Sclerotherapy involves injecting a fibrosing agent - aethoxysklerol or polydocanol, directly into the blood vessel. The solution displaces the blood within the vein and irritates the internal layer of the vessel. This irritation causes inflammation which results in the vessel gradually shrinking in size over a period of weeks to months.
Most leg veins require multiple treatments but it is important to understand that complete disappearance of all vessels is rare. A small percentage of patients fail to show any improvement at all despite repeated attempts.
If there is a family history of DVT (deep vein thrombosis), blood tests may be ordered to exclude a familial blood clotting disorder prior to treatment (over 5% of the population have some inherited or acquired blood clotting disorder). Sometimes there is significant backflow from the deep to the superficial leg veins. This occurs from incompetent or leaking valves in the veins.

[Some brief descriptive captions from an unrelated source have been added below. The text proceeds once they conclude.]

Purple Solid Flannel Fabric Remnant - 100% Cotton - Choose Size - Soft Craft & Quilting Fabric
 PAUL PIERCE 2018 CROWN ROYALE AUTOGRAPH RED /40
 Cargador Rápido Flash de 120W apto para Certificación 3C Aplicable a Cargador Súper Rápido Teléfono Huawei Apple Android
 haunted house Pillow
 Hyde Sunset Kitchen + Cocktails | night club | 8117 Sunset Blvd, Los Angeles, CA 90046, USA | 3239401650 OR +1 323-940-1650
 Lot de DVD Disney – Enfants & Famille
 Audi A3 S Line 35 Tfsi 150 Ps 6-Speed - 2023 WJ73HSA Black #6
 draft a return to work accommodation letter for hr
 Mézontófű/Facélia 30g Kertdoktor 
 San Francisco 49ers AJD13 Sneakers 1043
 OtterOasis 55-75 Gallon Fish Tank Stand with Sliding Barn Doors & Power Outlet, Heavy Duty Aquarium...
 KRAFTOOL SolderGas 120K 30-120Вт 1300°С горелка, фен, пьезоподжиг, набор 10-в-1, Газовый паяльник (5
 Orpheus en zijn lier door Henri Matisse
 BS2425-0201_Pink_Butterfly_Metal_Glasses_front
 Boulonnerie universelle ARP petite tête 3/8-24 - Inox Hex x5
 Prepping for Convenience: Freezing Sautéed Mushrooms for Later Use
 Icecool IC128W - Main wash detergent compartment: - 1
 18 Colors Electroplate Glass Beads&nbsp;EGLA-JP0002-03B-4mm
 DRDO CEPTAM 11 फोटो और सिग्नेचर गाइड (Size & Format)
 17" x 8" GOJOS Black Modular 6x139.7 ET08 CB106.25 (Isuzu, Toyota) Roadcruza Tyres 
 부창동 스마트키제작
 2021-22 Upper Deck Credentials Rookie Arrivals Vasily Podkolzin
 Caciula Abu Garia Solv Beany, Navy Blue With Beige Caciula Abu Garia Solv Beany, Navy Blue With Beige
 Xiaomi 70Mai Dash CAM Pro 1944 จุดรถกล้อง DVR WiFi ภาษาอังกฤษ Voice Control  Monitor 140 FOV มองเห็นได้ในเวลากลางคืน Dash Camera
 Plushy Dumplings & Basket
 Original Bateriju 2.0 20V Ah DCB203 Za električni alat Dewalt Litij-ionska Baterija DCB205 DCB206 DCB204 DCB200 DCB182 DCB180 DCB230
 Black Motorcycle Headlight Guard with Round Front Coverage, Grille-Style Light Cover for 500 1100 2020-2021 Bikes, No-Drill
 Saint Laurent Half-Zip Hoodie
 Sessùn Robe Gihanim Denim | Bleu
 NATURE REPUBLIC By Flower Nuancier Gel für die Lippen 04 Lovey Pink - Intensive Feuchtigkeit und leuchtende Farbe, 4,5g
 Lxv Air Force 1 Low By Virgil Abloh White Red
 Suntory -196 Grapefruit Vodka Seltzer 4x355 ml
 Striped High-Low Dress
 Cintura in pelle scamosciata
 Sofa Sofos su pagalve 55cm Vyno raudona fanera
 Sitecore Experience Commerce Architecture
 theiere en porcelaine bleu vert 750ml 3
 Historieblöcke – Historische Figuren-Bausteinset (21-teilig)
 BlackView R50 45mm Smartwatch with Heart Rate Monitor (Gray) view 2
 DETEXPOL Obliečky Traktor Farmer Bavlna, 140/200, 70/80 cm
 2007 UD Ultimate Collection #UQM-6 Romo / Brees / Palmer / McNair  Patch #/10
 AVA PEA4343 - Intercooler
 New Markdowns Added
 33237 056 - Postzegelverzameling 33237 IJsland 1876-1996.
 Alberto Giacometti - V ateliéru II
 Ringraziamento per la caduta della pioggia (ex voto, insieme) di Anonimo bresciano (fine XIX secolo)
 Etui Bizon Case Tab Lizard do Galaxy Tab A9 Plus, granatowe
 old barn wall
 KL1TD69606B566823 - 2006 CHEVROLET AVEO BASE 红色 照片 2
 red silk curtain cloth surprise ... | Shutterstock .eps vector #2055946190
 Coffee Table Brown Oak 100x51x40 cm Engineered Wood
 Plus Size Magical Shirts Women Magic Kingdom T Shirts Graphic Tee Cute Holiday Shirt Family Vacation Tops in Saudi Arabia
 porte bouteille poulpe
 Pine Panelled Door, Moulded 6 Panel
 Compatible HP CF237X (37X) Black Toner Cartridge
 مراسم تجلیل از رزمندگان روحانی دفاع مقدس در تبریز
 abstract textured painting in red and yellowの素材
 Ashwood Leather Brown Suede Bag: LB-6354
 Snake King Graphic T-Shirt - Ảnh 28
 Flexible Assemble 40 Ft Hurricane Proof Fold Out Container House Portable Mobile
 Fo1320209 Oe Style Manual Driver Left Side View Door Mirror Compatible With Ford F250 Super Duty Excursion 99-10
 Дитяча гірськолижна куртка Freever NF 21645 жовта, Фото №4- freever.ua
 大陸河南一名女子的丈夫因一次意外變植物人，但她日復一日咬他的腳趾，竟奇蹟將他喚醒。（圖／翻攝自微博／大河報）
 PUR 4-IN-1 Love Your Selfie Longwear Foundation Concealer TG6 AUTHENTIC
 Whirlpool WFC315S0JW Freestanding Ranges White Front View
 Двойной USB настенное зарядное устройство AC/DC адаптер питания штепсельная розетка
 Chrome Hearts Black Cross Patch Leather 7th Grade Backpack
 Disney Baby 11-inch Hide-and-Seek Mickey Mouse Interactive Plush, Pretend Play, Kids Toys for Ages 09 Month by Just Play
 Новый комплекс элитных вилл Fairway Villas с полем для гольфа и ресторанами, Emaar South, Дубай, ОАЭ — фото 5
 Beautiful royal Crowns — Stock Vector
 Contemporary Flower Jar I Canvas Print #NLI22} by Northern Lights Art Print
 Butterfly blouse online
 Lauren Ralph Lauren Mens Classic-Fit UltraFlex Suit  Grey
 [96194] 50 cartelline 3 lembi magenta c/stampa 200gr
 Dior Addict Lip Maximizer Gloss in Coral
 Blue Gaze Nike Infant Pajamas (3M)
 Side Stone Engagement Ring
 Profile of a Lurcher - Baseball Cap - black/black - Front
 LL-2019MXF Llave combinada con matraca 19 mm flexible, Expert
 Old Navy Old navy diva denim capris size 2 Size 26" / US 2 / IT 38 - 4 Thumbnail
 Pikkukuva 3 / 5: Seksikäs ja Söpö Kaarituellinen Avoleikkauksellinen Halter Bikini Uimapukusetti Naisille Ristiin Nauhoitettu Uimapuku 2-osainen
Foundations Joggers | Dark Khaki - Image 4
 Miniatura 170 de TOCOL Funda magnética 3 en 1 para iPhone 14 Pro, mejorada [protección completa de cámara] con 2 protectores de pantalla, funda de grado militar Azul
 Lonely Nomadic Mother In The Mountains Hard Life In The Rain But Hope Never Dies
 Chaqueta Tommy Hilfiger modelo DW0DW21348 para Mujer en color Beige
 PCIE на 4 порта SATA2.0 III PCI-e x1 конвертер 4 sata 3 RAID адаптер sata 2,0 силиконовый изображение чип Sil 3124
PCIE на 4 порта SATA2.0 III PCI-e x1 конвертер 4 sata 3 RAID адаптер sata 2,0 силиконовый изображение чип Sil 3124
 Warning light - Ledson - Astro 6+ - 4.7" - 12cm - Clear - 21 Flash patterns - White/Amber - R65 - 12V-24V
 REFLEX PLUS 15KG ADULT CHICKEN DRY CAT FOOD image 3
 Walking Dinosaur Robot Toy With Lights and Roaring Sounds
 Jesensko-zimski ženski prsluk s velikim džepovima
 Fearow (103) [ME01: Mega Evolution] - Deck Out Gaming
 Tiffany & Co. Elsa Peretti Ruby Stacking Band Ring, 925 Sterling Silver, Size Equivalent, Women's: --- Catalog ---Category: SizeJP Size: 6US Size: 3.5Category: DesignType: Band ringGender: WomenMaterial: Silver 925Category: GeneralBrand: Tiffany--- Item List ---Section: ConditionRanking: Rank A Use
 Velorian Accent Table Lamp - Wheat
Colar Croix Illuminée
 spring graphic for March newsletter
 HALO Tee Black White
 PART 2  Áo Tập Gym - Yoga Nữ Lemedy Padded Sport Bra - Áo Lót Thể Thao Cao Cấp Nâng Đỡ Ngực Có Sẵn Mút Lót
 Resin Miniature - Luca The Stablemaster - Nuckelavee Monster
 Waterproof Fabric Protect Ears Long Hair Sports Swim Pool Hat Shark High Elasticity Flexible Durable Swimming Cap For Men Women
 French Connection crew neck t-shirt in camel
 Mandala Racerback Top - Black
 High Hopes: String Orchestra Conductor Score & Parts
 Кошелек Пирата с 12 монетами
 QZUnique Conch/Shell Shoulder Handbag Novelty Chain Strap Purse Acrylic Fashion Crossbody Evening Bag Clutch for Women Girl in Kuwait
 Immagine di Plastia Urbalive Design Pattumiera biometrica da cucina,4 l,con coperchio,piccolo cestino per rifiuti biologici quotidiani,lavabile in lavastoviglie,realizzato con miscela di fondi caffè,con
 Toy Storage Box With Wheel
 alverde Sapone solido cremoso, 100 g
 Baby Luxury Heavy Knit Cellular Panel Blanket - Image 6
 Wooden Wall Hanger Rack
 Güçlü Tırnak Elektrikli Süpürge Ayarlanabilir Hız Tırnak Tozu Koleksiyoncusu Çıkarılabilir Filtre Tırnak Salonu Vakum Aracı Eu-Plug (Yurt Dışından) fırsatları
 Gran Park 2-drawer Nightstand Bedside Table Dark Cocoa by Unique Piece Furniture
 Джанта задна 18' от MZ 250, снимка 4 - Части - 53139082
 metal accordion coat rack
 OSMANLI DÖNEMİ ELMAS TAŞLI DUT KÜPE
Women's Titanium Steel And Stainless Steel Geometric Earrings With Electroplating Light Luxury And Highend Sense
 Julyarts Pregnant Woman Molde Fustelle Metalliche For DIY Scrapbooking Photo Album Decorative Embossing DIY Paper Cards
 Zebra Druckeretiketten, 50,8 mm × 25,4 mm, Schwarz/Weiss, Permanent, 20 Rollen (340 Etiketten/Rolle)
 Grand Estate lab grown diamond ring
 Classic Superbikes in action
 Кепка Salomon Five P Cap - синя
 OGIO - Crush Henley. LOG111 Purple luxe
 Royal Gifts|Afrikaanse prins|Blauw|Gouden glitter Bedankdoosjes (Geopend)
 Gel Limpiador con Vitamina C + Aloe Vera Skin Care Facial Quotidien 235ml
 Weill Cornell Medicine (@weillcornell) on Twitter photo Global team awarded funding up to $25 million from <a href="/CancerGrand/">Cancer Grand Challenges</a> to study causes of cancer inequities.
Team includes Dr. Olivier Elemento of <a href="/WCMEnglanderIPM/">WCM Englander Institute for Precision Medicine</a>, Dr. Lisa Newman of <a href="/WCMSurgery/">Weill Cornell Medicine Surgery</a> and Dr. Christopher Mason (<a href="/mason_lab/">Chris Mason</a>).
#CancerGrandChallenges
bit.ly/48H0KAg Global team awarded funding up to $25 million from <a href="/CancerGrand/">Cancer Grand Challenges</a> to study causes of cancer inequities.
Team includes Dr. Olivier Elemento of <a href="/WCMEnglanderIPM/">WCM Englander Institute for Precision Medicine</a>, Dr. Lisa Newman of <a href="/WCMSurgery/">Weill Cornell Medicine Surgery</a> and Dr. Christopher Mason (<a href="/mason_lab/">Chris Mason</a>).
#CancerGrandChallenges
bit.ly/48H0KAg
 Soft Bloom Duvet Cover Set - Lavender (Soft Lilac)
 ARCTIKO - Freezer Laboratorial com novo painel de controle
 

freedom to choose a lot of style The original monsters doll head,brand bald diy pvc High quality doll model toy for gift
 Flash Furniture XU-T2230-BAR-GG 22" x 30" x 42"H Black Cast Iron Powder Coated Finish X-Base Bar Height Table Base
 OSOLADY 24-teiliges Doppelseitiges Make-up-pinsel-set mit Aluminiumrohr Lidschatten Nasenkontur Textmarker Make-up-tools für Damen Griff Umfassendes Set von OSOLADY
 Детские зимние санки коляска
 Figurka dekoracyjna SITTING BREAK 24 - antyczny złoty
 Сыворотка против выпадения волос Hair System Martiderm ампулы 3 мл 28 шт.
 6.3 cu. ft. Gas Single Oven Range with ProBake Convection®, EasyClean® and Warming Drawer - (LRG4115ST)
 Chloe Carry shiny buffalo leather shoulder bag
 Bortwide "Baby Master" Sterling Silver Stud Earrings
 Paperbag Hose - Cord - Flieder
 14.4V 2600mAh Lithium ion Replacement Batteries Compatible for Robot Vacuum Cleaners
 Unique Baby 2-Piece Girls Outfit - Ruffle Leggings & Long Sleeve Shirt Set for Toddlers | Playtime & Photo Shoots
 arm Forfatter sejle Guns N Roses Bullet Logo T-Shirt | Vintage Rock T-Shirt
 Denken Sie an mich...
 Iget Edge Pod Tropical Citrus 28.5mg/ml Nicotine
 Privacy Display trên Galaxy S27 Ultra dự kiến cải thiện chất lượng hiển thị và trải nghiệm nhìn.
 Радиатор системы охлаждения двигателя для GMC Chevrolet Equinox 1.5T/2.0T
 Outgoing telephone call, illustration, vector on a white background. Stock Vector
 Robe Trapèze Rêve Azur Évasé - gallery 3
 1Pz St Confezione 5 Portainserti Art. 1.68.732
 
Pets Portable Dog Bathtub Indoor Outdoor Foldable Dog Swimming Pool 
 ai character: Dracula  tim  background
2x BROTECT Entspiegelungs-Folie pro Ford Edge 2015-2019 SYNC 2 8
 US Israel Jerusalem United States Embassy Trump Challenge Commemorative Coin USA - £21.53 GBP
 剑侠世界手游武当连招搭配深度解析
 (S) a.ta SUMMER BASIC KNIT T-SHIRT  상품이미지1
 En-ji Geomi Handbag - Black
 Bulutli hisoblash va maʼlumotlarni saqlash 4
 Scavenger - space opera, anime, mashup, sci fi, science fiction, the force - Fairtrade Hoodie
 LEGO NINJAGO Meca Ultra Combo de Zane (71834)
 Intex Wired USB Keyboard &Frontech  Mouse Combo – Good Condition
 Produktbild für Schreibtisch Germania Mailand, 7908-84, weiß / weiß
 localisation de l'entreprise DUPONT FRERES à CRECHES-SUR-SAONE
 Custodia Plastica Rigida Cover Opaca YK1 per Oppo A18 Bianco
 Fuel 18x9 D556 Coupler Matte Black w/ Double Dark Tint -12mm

In some cases our doctors will order a doppler ultrasound examination of your legs to clarify if this is present, as other therapy such as vein stripping or endovenous laser treatment may be needed to achieve good results. Some conditions are a contra-indication to sclerotherapy. A previous DVT is an important contra-indication, as are a medical history of auto-immune disease or significant other illness.
What are the risks of laser?
These are as follows:
- Skin discolouration. This is where the skin may become lighter or darker in colour along the line of the treated veins. This is generally temporary.
- No improvement. A small number of patients find no improvement occurs.
- Scarring. This is not common.
- New vein formation. This is where tiny new veins form to replace the treated vessel and is uncommon.
Find out more about the Risks and Effects of Laser Treatment
Note - IPL should not be used on spider vessels - IPL is ineffective on spider vessels, and should not be used due to significant risks of burns or hyperpigmentation on the legs.
What are the risks of sclerotherapy?
These are as follows:
- No improvement. A small number of patients find no improvement occurs
- Skin discolouration – brown discoloration which usually disappears over time, but in 5% can persist for years. Laser may improve this.
- Blisters due to small amounts of solution seeping into the tissues - heal quickly
- Lumps within the vessels - small clots, not dangerous. Will disappear spontaneously
- Swelling - especially in patients whose jobs require standing or sitting for long periods of time. More likely to occur when ankle or lower legs are injected. Helped with elevation and compression stockings
- Inflammation (phlebitis) may occur with larger vessels.
- Matting - the development of new fine vessels near sites of injection, especially on the thigh. Most will resolve, but in a few these may become permanent.
- Ulcers at injection sites
- Allergic reactions - very rare
- Thrombosis (DVT) in vulnerable individuals. Sclerotherapy should not be done in individuals who have a clotting disorder or who have had a DVT in the past, or in pregnancy.